====== TASK MATERIAL ======

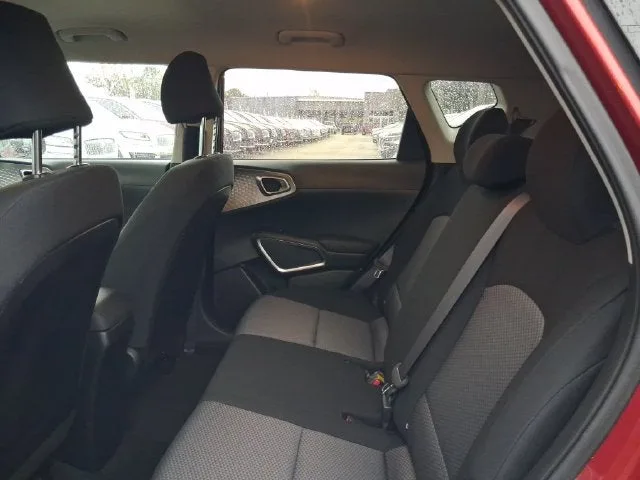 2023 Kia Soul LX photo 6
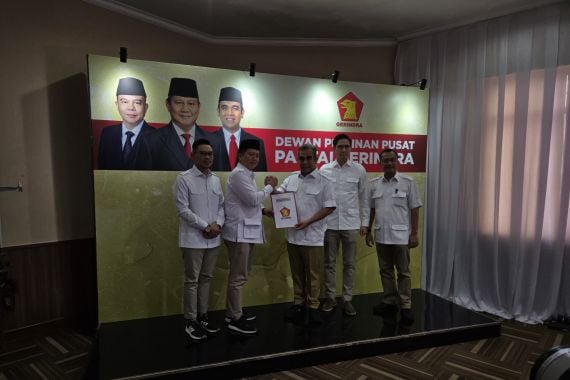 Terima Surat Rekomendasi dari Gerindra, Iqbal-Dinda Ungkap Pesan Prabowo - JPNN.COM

======
====== TASK MATERIAL ======

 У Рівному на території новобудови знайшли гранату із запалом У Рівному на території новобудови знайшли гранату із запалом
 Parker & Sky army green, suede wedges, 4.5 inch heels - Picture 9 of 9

======
====== TASK MATERIAL ======

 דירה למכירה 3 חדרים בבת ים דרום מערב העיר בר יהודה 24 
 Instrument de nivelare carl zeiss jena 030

======

Repeat, without pictures, exactly the lines of the data above from the one containing "2023 Kia Soul LX photo 6" through the one containing "Terima Surat Rekomendasi", including both and adding nothing.

 2023 Kia Soul LX photo 6
 Terima Surat Rekomendasi dari Gerindra, Iqbal-Dinda Ungkap Pesan Prabowo - JPNN.COM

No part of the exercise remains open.